La propension des Eschois à ne pas faire comme le reste du pays ne s’est pas toujours mesurée en voix dans les urnes comme en 1919 pour la République ou en 1937 contre la loi muselière. En 1985, lors de la visite du pape Jean-Paul II, c’est en saucisses sur le grill, qui n’ont pas trouvé preneurs, que nos prédécesseurs au Tageblatt avaient mesuré le peu d’enthousiasme pour la venue du pape dans la ville rouge. Au premier de ses deux jours de présence, le 15 mai, seules 3.000 personnes ont assisté à Esch à la venue du pape polonais, tandis que le lendemain matin, dans la ville de Luxembourg, 40.000 personnes allaient assister à la célébration organisée au Glacis.
L’exemple hollandais
Les Hollandais avaient montré la voie aux Eschois. L’escale luxembourgeoise intervenait au cœur d’un voyage apostolique dans le Bénélux du 11 au 21 mai 1985 et après un passage aux Pays-Bas (en ce temps à 40% catholique) mouvementé. A Utrecht, des heurts sont survenus entre la police et des manifestants se réclamant d’un „Front rouge antipapiste“ et d’un „Comité national contre la visite du pape“ de l’organisation homosexuelle COC. Mais le pape y est surtout boudé. A l’aéroport d’Einhdoven, on attendait 25.000 personnes, il y en eut 4.000. Aucun représentant de l’Etat ne s’était d’ailleurs déplacé, afin de souligner le caractère religieux du voyage.

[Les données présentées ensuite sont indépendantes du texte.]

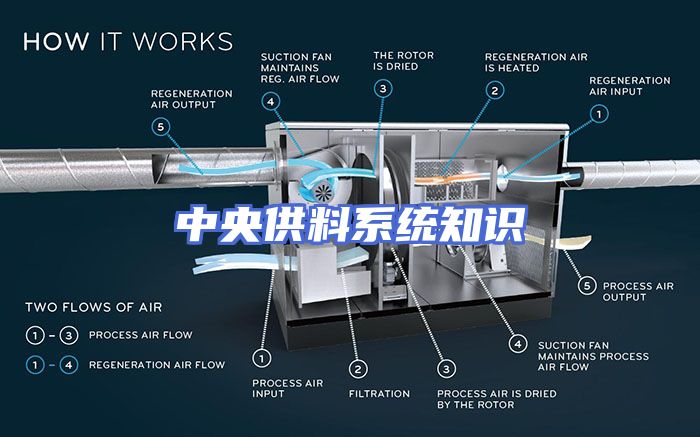 中央供料系统知识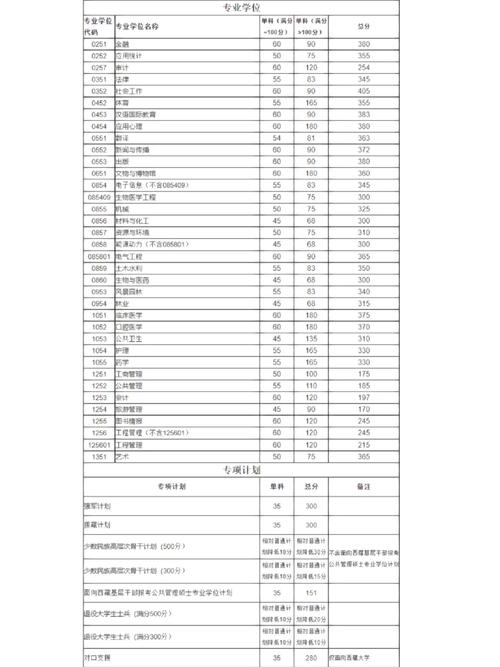 四川大学体育考研资料哪里找？-图2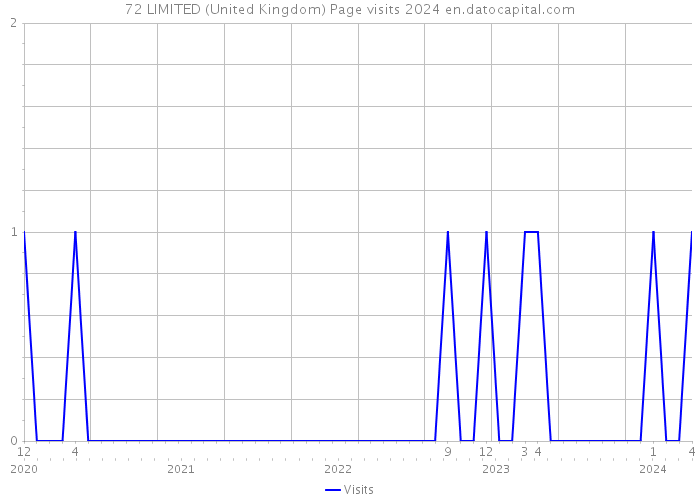 72 LIMITED (United Kingdom) Page visits 2024 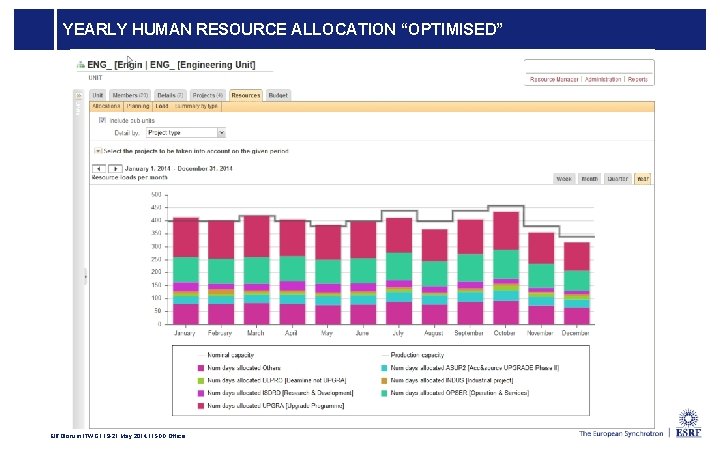 YEARLY HUMAN RESOURCE ALLOCATION “OPTIMISED” EIROforum ITWG l 19 -21 May 2014 l ISDD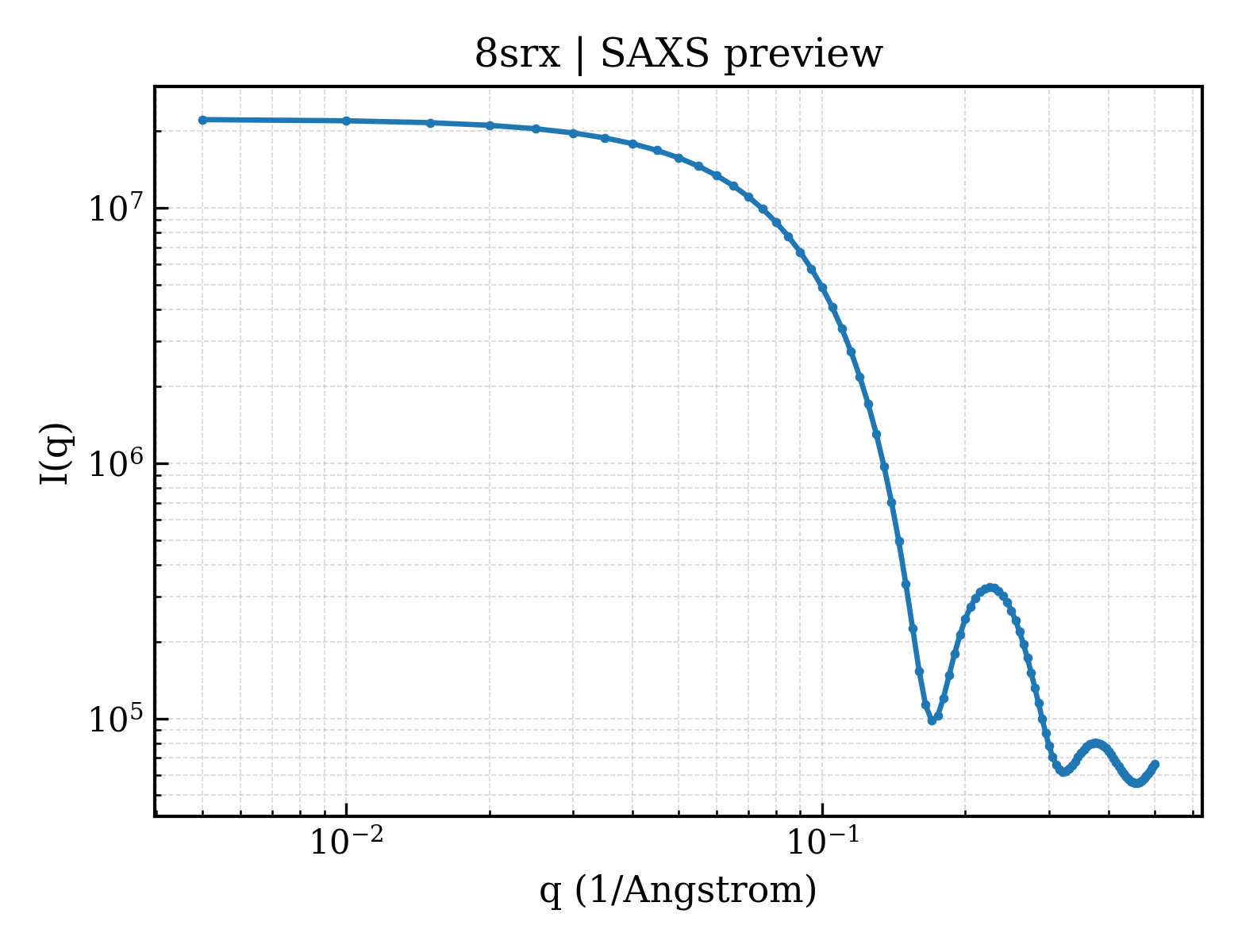 SAXS profile for 8srx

A Esch, on avait parié sur 50.000 personnes pour venir écouter le pape. Ici comme aux Pays-Bas, la peur d’un attentat a pu dissuader du monde. Le déplacement du pape en Papamobile était la preuve de la menace qui pesait sur lui. Au Luxembourg, ce sont d’autres attentats qui inquiétaient les autorités. Ceux perpétrés par celui qu’on n’appelait pas encore le „Bommeleeër“. Huit jours avant l’arrivée du pape, un poteau électrique est plastiqué au „Schléiwenhaff“, à quelques kilomètres de la capitale. Sa chute sur l’autoroute toute proche a fait cinq blessés parmi les dix véhicules qui se sont empêtrés dans les câbles électriques.
„Cher de croire“
C’est alors le cinquième d’une série de vingt attentats, qui ont commencé par deux explosions à côté de pylônes électriques un an plus tôt, et qui va connaître son pic pendant l’année 1985, avec seize faits entre le 12 avril et le 2 décembre. Pour l’heure, c’est un énigmatique mouvement écologiste combattant qui a revendiqué l’explosion. Personne n’y croit vraiment. Par contre, on croit à l’arrivée dans le pays de la terreur extrémiste. C’est l’indépendance du pays et sa capacité à parer la terreur qui sont soulevées dans la perspective de l’arrivée du pape. „Sind wir nach all dem, was jetzt vorgefallen ist, überhaupt gerüstet; und ist es zu verantworten, einen Gast zu empfangen, der bereits zweimal Zielscheibe von Attentätern war?“, s’interroge Romain Durlet dans l’éditorial du Tageblatt du 9 mai. Ce risque accru, le Luxembourg le partage avec la Belgique où le pape doit se rendre ensuite et où les cellules communistes combattantes ont commis quinze attentats en un an.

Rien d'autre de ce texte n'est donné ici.